===== RECORDS FOR PROCESSING

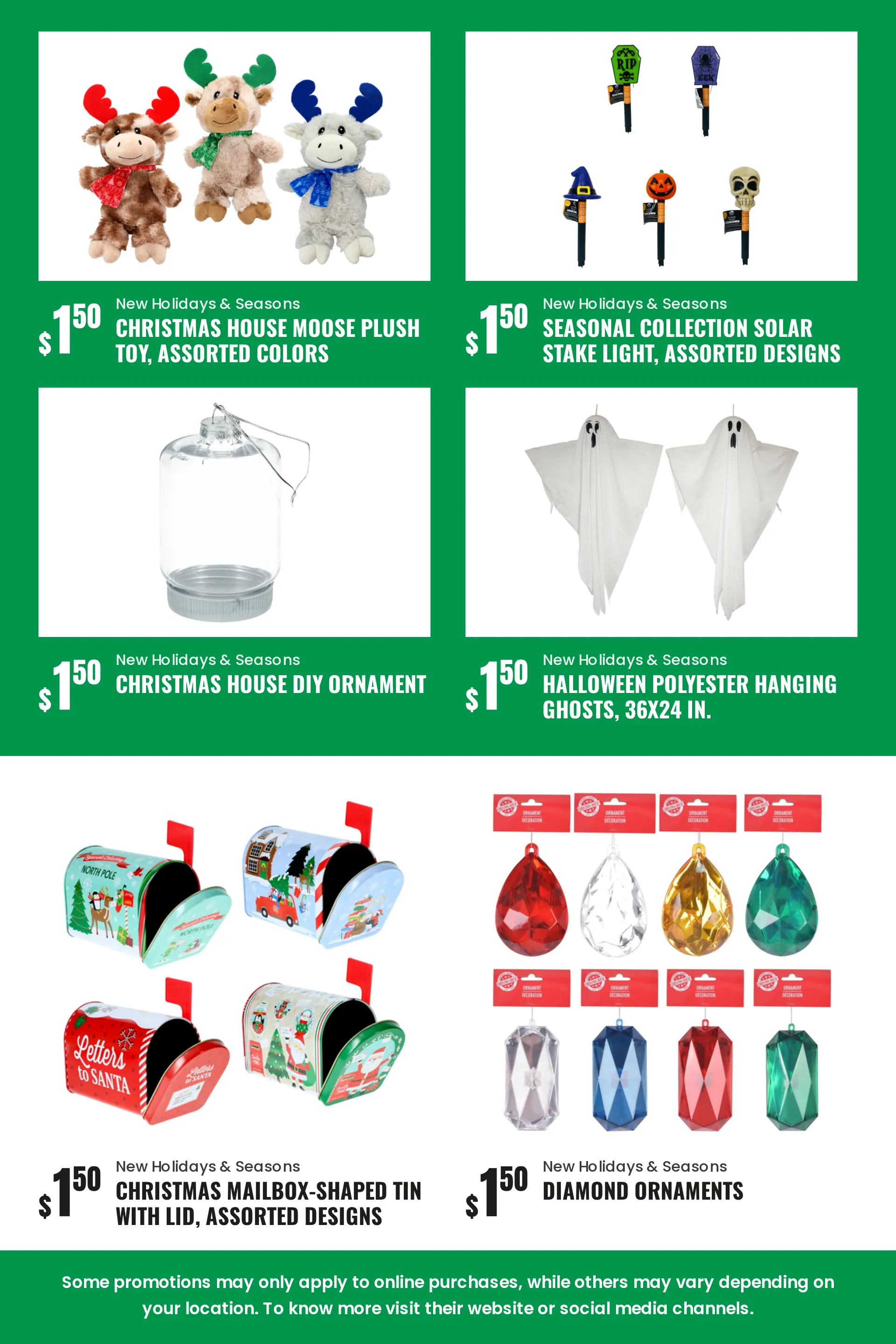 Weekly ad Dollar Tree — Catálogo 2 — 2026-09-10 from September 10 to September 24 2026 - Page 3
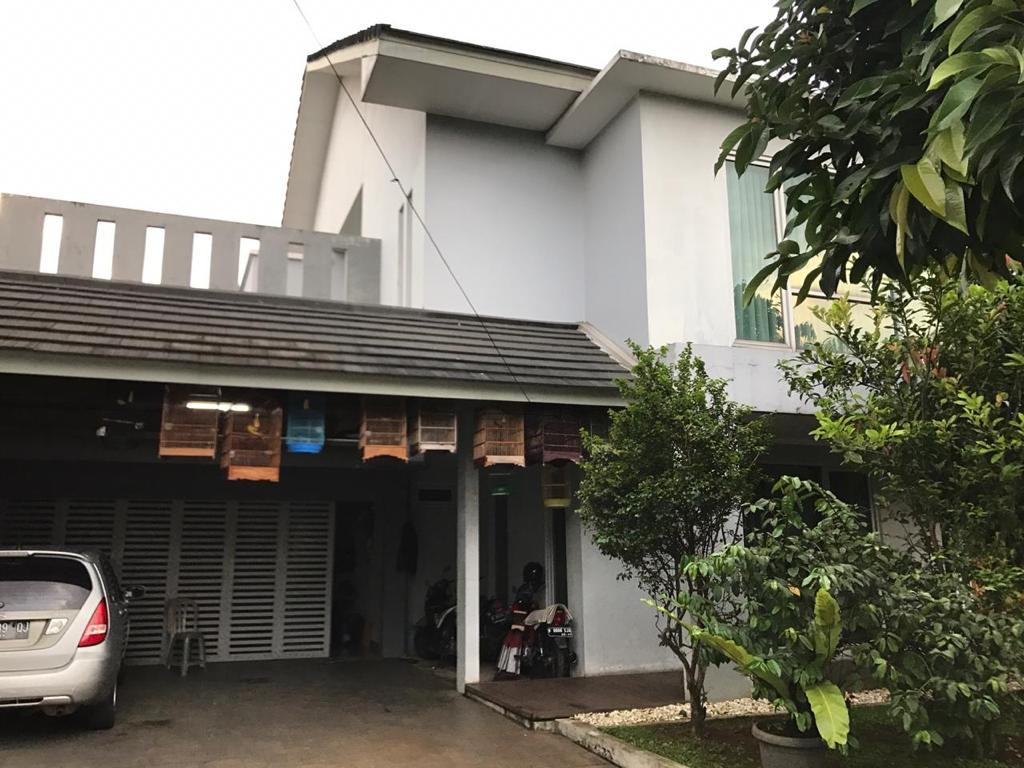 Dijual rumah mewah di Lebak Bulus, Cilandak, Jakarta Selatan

==========
===== RECORDS FOR PROCESSING

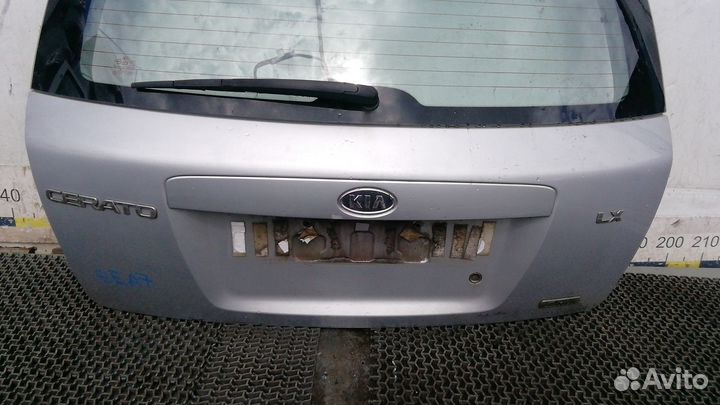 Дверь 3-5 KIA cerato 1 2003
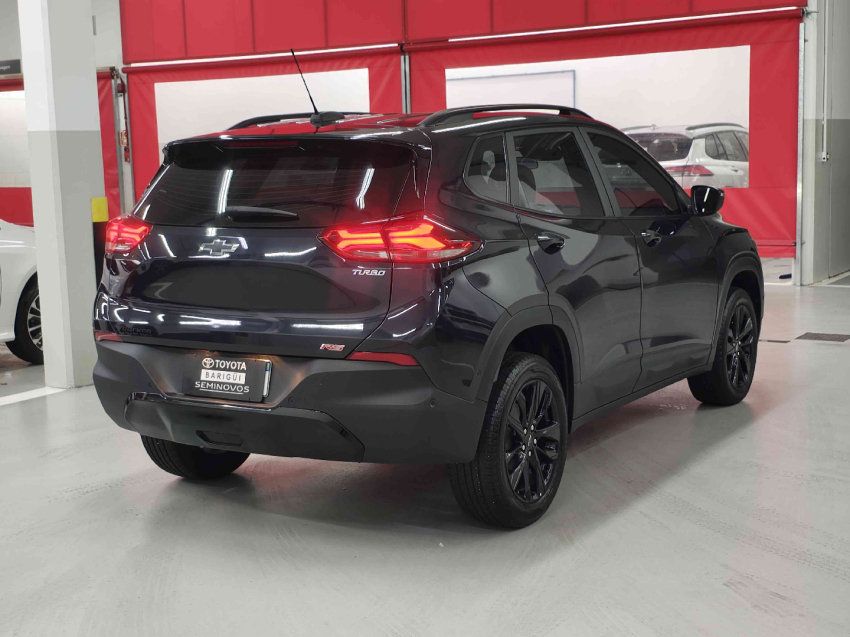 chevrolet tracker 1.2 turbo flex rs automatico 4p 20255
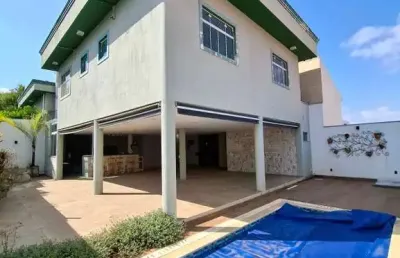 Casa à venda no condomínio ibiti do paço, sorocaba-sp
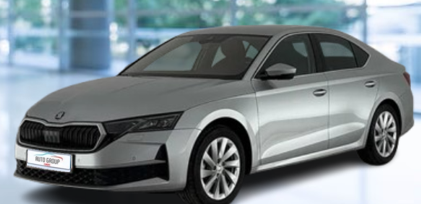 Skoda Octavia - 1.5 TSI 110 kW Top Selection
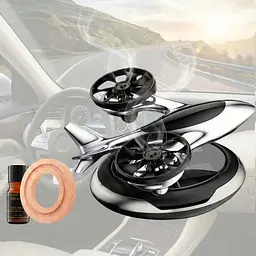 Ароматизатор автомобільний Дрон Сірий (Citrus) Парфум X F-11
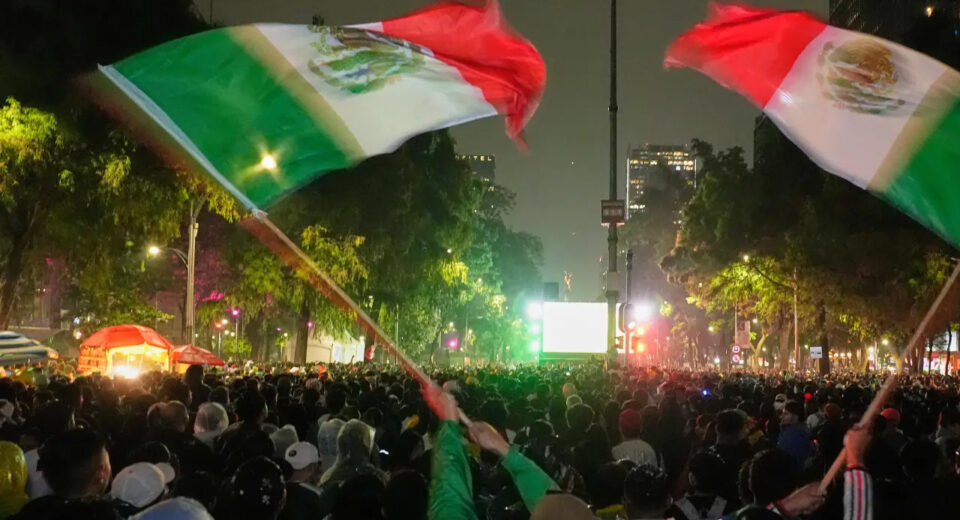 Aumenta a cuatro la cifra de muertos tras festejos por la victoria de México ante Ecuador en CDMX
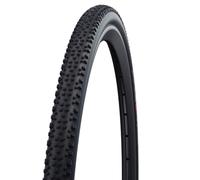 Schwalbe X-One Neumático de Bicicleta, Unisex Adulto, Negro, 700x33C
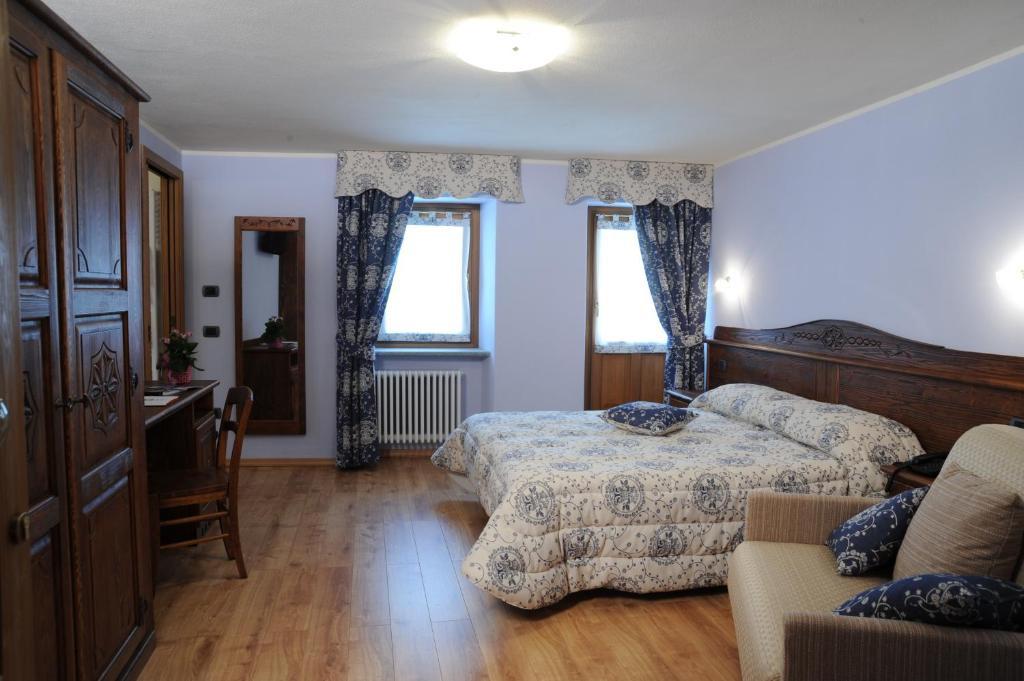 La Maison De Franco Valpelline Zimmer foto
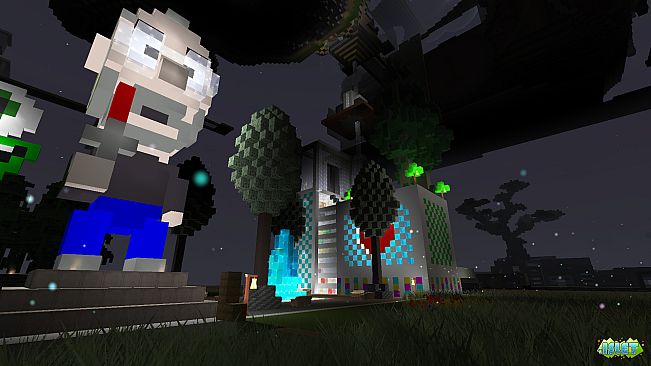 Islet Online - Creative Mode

==========

WHAT IS NEEDED:
Taking the entries above, extract every line from the one bearing "Aumenta a cuatro" through the one bearing "Islet Online - Creative Mode", exactly, with no pictures.

RESPONSE BOX:
 Aumenta a cuatro la cifra de muertos tras festejos por la victoria de México ante Ecuador en CDMX
 Schwalbe X-One Neumático de Bicicleta, Unisex Adulto, Negro, 700x33C
 La Maison De Franco Valpelline Zimmer foto
 Islet Online - Creative Mode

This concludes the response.